STUDY MATERIAL

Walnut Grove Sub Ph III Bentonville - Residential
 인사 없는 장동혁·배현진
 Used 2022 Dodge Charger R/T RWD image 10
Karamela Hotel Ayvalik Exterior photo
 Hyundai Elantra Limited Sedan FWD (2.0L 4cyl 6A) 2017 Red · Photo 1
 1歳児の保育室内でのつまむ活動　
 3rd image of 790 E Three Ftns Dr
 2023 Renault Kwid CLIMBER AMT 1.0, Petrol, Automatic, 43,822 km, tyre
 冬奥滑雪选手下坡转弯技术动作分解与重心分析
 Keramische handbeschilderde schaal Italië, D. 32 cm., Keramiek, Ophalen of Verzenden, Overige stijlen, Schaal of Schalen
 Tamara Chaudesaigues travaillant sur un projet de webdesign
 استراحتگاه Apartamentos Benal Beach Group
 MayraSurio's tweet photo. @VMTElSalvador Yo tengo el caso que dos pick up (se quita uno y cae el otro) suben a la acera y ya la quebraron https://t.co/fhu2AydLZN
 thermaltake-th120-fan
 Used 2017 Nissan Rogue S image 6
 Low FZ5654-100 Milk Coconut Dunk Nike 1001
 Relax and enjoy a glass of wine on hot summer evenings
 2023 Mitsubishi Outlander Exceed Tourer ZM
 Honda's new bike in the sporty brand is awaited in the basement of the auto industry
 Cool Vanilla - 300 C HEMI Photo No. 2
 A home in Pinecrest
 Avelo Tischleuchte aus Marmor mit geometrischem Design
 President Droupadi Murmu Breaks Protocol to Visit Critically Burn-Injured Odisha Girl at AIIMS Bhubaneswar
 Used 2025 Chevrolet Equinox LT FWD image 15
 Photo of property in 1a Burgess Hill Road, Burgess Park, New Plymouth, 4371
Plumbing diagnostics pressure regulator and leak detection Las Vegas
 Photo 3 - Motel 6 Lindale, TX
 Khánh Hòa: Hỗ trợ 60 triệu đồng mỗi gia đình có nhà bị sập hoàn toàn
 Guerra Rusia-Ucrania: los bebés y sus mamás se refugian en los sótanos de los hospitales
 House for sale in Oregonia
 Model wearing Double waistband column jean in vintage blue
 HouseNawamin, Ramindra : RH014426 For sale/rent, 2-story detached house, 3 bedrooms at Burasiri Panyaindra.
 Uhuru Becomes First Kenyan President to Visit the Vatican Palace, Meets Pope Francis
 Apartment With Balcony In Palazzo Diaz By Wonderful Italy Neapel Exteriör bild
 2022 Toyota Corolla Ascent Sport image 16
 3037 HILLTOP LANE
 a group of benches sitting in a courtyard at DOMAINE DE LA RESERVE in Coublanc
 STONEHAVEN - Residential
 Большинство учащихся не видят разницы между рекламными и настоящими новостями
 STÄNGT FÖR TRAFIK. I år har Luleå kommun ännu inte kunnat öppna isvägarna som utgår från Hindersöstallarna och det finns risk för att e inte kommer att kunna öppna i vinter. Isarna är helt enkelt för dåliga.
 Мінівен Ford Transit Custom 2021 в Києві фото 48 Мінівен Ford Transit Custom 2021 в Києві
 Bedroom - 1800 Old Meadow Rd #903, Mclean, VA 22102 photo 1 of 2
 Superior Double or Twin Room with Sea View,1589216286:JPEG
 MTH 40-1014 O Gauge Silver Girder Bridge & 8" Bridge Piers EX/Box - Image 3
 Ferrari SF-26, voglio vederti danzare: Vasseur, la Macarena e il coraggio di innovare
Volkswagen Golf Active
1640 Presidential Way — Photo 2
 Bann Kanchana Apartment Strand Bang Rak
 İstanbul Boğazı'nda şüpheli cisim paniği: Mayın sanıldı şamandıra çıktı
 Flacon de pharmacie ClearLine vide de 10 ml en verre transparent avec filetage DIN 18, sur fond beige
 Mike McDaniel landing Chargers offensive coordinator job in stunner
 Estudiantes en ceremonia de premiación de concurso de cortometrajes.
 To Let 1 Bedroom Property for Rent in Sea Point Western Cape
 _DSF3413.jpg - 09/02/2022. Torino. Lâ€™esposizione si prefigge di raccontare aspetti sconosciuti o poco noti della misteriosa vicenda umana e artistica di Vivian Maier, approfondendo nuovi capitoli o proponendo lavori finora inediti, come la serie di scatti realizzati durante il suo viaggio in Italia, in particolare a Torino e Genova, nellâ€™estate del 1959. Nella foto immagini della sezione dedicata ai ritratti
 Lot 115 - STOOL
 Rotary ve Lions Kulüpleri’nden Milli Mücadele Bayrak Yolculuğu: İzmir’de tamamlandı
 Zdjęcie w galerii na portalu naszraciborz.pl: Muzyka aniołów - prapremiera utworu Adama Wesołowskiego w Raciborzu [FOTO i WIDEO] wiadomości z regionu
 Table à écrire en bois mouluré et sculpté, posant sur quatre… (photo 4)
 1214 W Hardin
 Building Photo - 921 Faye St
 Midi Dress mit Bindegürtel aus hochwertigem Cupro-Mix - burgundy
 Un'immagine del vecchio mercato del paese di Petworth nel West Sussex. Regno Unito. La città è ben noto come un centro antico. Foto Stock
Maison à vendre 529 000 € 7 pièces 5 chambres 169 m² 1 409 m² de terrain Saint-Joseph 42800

TASK INSTRUCTIONS
Search the entries for the string "Double". Copy every line that has it.

COMPLETED TASK
 Model wearing Double waistband column jean in vintage blue
 Superior Double or Twin Room with Sea View,1589216286:JPEG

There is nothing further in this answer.